#### EXTRACTED ENTRIES ####

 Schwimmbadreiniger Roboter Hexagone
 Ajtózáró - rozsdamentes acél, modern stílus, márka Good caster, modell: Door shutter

####
#### EXTRACTED ENTRIES ####

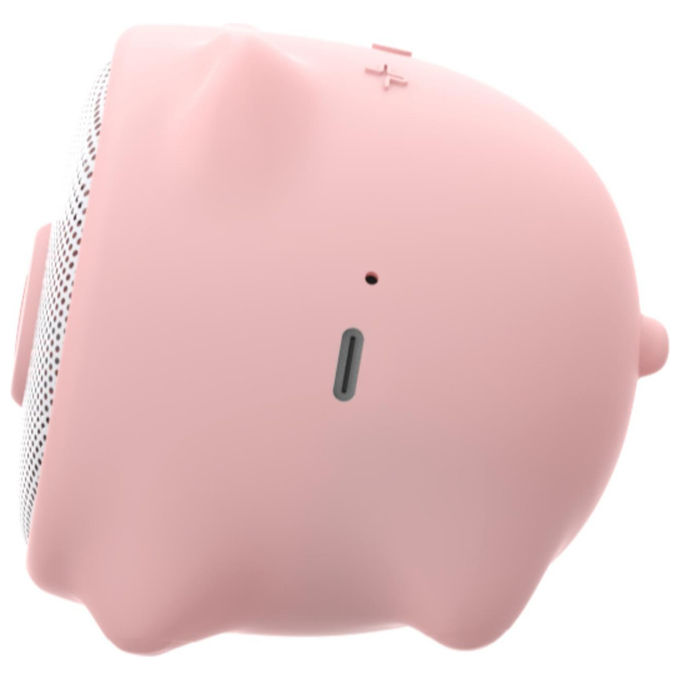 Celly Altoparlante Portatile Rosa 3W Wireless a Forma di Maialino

####
#### EXTRACTED ENTRIES ####

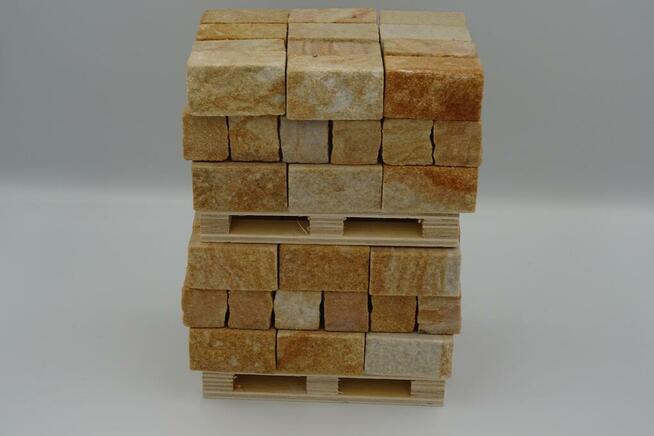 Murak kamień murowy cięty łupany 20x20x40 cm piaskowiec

####

- WHAT YOU WILL DO
All lines above from the line with "Schwimmbadreiniger Roboter Hexagone" through the line with "Ajtózáró - rozsdamentes", both included, are to be set down exactly, with nothing else.

- COMPLETED TASK
 Schwimmbadreiniger Roboter Hexagone
 Ajtózáró - rozsdamentes acél, modern stílus, márka Good caster, modell: Door shutter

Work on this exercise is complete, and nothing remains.